Set down, word for word, the line with "Ford Capri MK1 Front Screen Rubber" and the lines after it through the final line of the data below, without pictures.

* [PROVIDED DATA]:
BEGIN
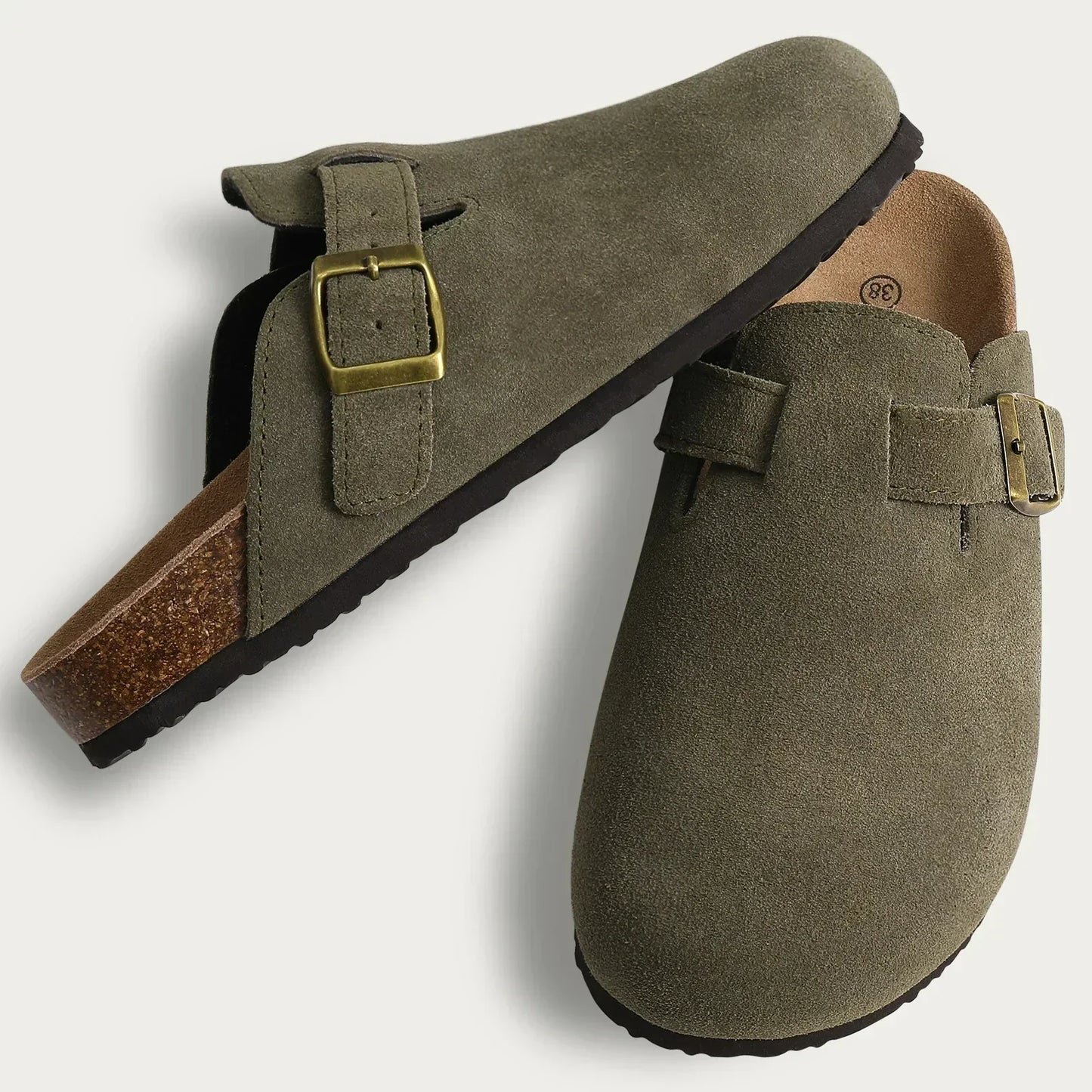 Rinaldo™|Sandalo Uomo Casual
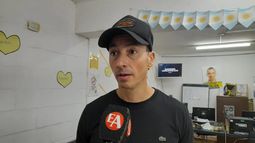 Galán asegura que los testigos de Nabarro son extorsionados Galán asegura que los testigos de Nabarro son extorsionados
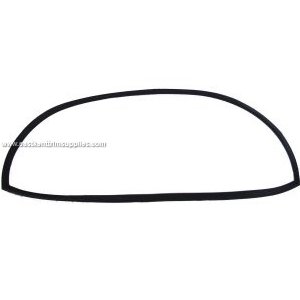 Ford Capri MK1 Front Screen Rubber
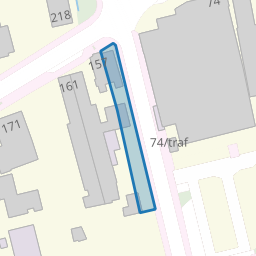 Perceel VZV00-L-1766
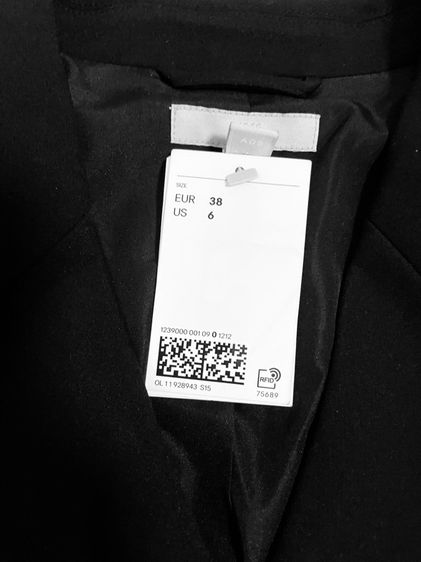 Blazer HM รูปที่ 2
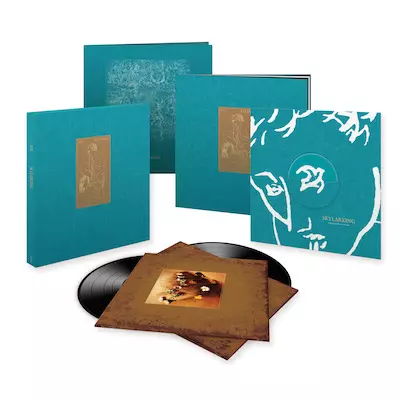 SKYLARKING (DELUXE 200G 2LP+CD)/XTC｜OLD ROCK｜ディスクユニオン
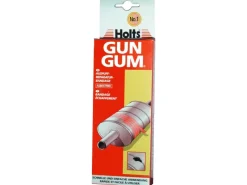 Holts Gun Gum Bandage für Auspuffanlagen 1,10 m< Töpfe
END
* [EXPECTED OUTPUT]:
 Ford Capri MK1 Front Screen Rubber
 Perceel VZV00-L-1766
 Blazer HM รูปที่ 2
 SKYLARKING (DELUXE 200G 2LP+CD)/XTC｜OLD ROCK｜ディスクユニオン
 Holts Gun Gum Bandage für Auspuffanlagen 1,10 m< Töpfe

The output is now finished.